After discussing their learning about how to provide PAC for retained products of conception, study participants often spoke about their actual practice. The same study participants reiterated that the techniques they learned in medical school and residency were targeted towards evacuating fetal remains after a spontaneous abortion. They were not trained to induce abortions, but only provided services to patients who were carrying a deceased fetus. Participants did not discuss the use of medication to remove fetal remains, but instead spoke about expectant management. As one participant explained:
“Okay, if you have an abortion it means the fetus is dead. That is, if the fetus has already died, then there are several alternatives for management. One, which is expectant management, which is waiting until the body induces the termination of pregnancy, either with contractions, bleeding and all that. Two, here we don’t have prostaglandins. Well, we have Dinoprostone [prostaglandin E2]. We don’t have misoprostol for use.” – Clinician, male, 61 years old.
With regards to suspected extra-legal abortions, clinicians and medical residents spoke mostly about policies and procedures that they were expected to follow and not their own personal practices:
“If she arrives at the hospital and has the misoprostol pill in her vagina, you have to call the OIJ, the Judicial Investigation Agency; and the Judicial Investigation Agency begins the process, because she is being tried for homicide… then, the police arrive and if the girl is not unstable or if she does not require emergency medical attention, they even take her away.” – Clinician, female, 48 years old.

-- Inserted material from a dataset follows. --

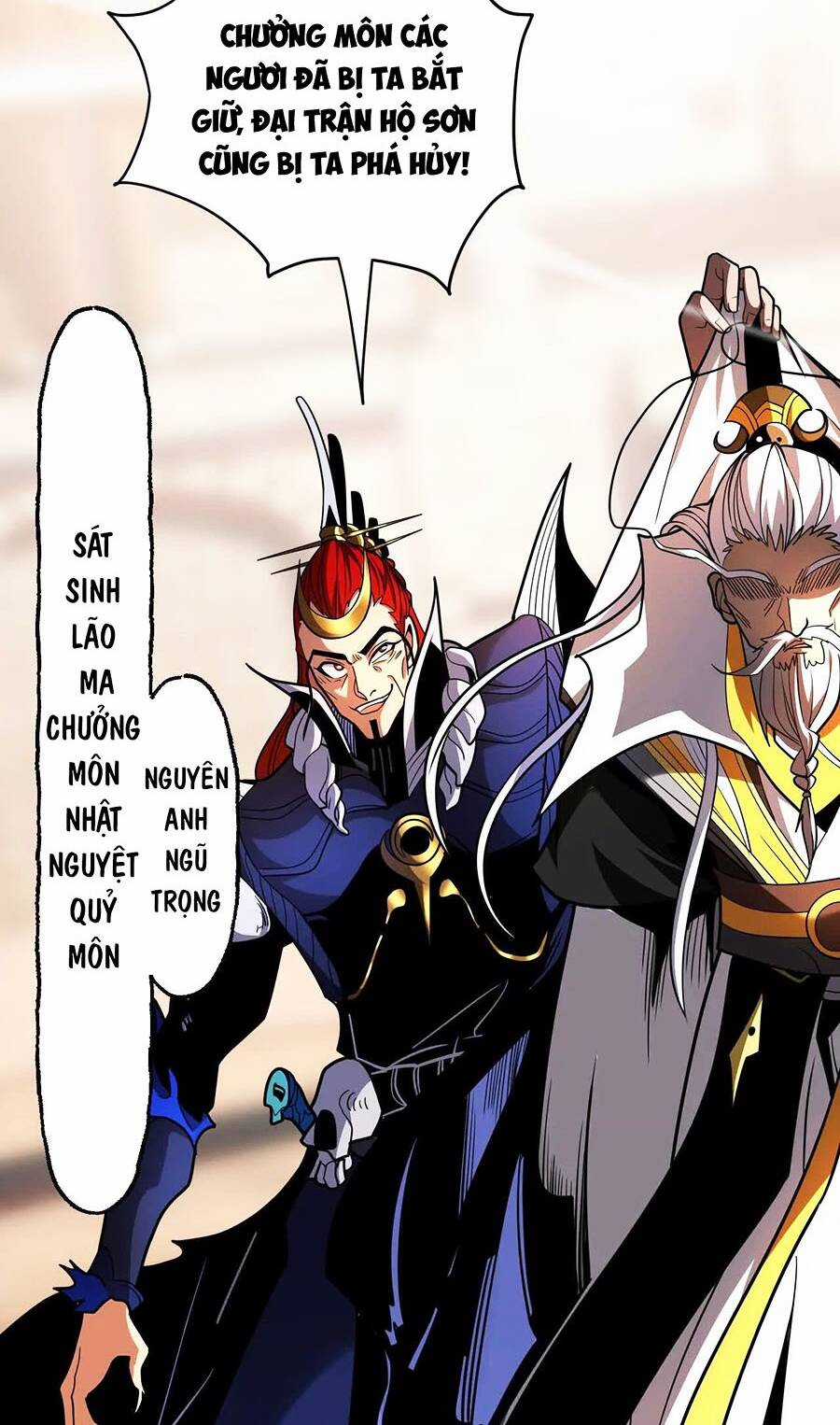 Đệ Tử Tu Luyện Còn Ta Thì Lười Biếng Chapter 44 trang 17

Although study participants stated that there was sometimes difficulty determining who had induced an abortion versus suffered a spontaneous abortion, only one study participant specifically stated that clinicians would not notify authorities if they knew they were caring for a patient who had sought extra-legal abortion services, saying:
“Nothing happens, they are not interrogated, the police are not going to be called to do something to them. They are given care, the uterus is cleaned and they are offered a method of postabortion planning, psychological counseling if necessary and that’s it, done. Nothing happens.” – Clinician, male, 58 years old.
No study participants discussed their personal opinion about their place of work’s policies or procedures, but rather, detailed the steps that they were expected to take when confronted with potential illegal activity without disclosing what they would do themselves.